◆ Problem to solve:
Go through the entries one line at a time, and gather every line that has the word "Package".

◆ Supplied records:
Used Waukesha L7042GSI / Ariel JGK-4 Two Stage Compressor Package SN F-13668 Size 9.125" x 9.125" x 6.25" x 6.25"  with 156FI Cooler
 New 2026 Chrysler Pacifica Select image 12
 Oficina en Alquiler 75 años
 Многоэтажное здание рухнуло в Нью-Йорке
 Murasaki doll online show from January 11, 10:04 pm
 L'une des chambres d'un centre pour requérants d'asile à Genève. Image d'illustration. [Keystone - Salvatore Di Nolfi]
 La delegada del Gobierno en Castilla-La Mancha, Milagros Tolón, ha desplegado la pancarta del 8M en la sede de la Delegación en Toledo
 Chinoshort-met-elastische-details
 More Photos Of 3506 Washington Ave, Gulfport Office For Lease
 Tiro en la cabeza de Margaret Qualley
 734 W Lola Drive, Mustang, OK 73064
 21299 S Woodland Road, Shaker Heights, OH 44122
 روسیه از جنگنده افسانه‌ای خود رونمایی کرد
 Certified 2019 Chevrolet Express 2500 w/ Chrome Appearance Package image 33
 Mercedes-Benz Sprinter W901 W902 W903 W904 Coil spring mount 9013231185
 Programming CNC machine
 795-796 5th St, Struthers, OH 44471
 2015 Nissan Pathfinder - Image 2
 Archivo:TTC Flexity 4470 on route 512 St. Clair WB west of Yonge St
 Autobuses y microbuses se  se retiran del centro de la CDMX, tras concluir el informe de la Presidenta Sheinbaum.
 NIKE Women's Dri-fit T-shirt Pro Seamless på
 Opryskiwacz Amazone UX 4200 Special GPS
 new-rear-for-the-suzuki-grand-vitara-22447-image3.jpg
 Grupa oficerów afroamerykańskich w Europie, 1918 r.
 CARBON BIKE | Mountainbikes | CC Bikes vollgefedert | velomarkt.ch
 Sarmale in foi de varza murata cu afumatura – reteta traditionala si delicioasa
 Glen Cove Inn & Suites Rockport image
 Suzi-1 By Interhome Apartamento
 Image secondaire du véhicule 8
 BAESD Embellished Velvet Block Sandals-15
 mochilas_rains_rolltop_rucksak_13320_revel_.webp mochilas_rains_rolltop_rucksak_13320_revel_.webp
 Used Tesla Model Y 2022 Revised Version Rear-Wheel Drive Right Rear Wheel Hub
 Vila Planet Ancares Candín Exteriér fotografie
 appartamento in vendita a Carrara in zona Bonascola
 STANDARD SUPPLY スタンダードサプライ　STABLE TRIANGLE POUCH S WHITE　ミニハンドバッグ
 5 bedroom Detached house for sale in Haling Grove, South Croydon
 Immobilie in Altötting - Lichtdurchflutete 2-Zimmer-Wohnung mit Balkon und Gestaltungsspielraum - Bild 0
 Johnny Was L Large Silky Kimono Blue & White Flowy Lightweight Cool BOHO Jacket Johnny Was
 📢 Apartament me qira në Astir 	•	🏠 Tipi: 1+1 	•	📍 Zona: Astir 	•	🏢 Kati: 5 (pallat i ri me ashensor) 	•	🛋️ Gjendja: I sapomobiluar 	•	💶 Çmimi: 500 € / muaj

◆ Completed task:
Used Waukesha L7042GSI / Ariel JGK-4 Two Stage Compressor Package SN F-13668 Size 9.125" x 9.125" x 6.25" x 6.25"  with 156FI Cooler
 Certified 2019 Chevrolet Express 2500 w/ Chrome Appearance Package image 33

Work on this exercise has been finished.